§ **TASK STATEMENT**: From the data below, copy out every line in which the word "para" occurs.
═══ DATA PROVIDED
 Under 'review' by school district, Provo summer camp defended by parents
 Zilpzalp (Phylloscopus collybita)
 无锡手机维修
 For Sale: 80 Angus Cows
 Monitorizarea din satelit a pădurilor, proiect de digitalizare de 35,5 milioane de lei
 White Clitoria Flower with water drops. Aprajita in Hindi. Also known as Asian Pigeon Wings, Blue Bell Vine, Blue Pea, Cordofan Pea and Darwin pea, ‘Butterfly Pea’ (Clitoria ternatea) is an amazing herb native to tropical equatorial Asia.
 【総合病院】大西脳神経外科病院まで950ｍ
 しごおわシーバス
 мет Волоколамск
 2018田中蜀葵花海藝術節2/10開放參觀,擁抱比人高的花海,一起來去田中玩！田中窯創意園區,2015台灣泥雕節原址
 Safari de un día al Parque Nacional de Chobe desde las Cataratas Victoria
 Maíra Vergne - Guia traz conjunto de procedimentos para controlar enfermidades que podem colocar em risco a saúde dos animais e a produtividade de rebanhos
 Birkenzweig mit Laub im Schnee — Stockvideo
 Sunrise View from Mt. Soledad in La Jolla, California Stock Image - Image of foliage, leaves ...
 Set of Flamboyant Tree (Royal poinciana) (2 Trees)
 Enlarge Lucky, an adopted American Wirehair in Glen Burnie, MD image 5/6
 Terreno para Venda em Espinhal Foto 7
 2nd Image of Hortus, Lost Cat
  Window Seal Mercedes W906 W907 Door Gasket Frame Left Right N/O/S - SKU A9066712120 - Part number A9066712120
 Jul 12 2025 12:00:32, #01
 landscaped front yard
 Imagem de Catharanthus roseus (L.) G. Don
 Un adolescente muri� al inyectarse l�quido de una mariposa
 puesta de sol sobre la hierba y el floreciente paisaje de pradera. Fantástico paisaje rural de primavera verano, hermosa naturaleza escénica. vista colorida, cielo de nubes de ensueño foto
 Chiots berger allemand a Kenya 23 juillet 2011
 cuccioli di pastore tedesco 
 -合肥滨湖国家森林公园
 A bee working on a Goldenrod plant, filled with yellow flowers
══════
§ **EXERCISE ANSWER**:
 Maíra Vergne - Guia traz conjunto de procedimentos para controlar enfermidades que podem colocar em risco a saúde dos animais e a produtividade de rebanhos
 Terreno para Venda em Espinhal Foto 7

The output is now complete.